* **Task to carry out**:
Quote exactly the lines from the start of the entries to the one with "Carmen Simionescu se", both ends included.

* **Supplied data**:
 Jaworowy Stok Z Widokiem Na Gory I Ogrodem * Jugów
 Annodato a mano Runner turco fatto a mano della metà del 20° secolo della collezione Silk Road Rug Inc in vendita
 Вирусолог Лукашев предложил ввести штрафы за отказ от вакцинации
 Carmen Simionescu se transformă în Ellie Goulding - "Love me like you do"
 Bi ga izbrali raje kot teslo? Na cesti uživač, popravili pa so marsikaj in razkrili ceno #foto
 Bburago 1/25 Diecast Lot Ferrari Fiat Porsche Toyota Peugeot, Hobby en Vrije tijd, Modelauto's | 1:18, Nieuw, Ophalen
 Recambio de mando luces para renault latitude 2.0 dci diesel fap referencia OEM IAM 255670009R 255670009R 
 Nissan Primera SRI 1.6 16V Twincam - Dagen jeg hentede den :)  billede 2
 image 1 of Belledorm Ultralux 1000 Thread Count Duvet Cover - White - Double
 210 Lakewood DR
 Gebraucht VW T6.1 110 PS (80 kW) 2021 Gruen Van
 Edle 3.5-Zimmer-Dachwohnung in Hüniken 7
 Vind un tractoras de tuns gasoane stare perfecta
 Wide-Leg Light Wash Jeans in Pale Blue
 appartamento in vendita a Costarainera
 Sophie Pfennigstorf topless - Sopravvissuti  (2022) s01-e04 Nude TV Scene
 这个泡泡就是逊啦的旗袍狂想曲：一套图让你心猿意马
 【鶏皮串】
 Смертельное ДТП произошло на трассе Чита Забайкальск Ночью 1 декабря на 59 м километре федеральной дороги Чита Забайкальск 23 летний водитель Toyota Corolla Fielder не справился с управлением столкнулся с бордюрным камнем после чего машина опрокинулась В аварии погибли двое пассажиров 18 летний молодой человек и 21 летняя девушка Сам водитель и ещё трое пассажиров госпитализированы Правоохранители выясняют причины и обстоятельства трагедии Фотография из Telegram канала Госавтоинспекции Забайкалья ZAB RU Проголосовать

* **Exercise result**:
 Jaworowy Stok Z Widokiem Na Gory I Ogrodem * Jugów
 Annodato a mano Runner turco fatto a mano della metà del 20° secolo della collezione Silk Road Rug Inc in vendita
 Вирусолог Лукашев предложил ввести штрафы за отказ от вакцинации
 Carmen Simionescu se transformă în Ellie Goulding - "Love me like you do"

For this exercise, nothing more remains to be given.